2. Approche tissulaire et énergétique
Contrairement à l’ostéopathie, qui cible souvent les structures osseuses et articulaires, l’ostéothérapie tissulaire se concentre également sur les tissus mous (fascias, muscles, ligaments) et les flux énergétiques.
Elle intègre des éléments de médecine traditionnelle chinoise, travaillant sur les méridiens et les points d’acupuncture pour rétablir la circulation du Qi (énergie vitale). Les techniques vibratoires et les pressions douces permettent de libérer les tensions profondes, souvent liées à des blocages émotionnels ou posturaux.

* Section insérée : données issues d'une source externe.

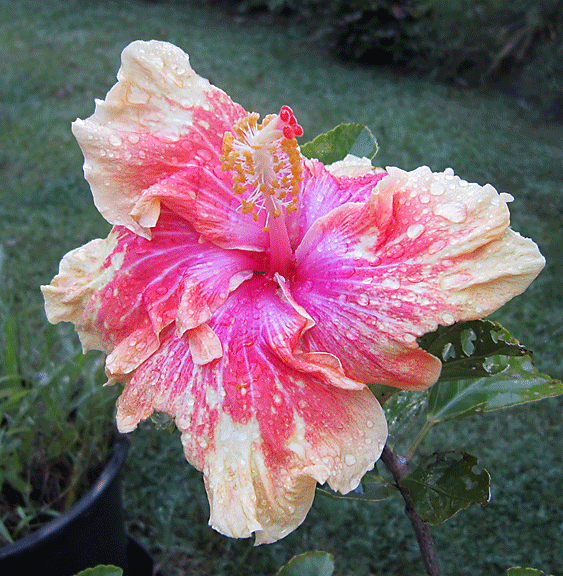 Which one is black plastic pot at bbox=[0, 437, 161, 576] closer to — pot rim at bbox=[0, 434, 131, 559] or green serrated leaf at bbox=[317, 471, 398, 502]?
pot rim at bbox=[0, 434, 131, 559]

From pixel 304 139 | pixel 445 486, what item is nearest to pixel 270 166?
pixel 445 486

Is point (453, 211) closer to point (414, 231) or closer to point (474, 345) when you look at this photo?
point (414, 231)

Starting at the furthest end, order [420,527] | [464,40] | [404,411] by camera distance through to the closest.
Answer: [464,40], [404,411], [420,527]

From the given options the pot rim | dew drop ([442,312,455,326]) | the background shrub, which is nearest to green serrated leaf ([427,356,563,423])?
dew drop ([442,312,455,326])

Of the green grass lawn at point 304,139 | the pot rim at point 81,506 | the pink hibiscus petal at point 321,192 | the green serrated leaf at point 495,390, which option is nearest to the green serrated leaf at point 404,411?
the green serrated leaf at point 495,390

3. Globalité et interaction corps-esprit
Cette méthode adopte une vision holistique, considérant l’individu dans sa globalité physique, émotionnelle et environnementale. Les déséquilibres musculaires ou viscéraux sont souvent interprétés comme des manifestations de stress, de traumatismes non résolus ou de désordres énergétiques.
Par exemple, un lumbago chronique pourrait être associé à une charge émotionnelle stockée dans les fascias lombaires, nécessitant une intervention à la fois manuelle et psycho-corporelle.
4. Techniques non invasives et sécurité
L’absence de manipulations structurelles avec « craquage » (HVLA – High Velocity Low Amplitude) distingue cette approche. L’ostéothérapie privilégie des gestes doux, tels que des tractions cutanées ou des mobilisations fasciales, adaptés à tous les publics, y compris les nourrissons et les personnes âgées. Cette sécurité accrue réduit les risques d’effets secondaires, tout en garantissant une efficacité rapportée dans 80 % des cas en 1 à 3 séances.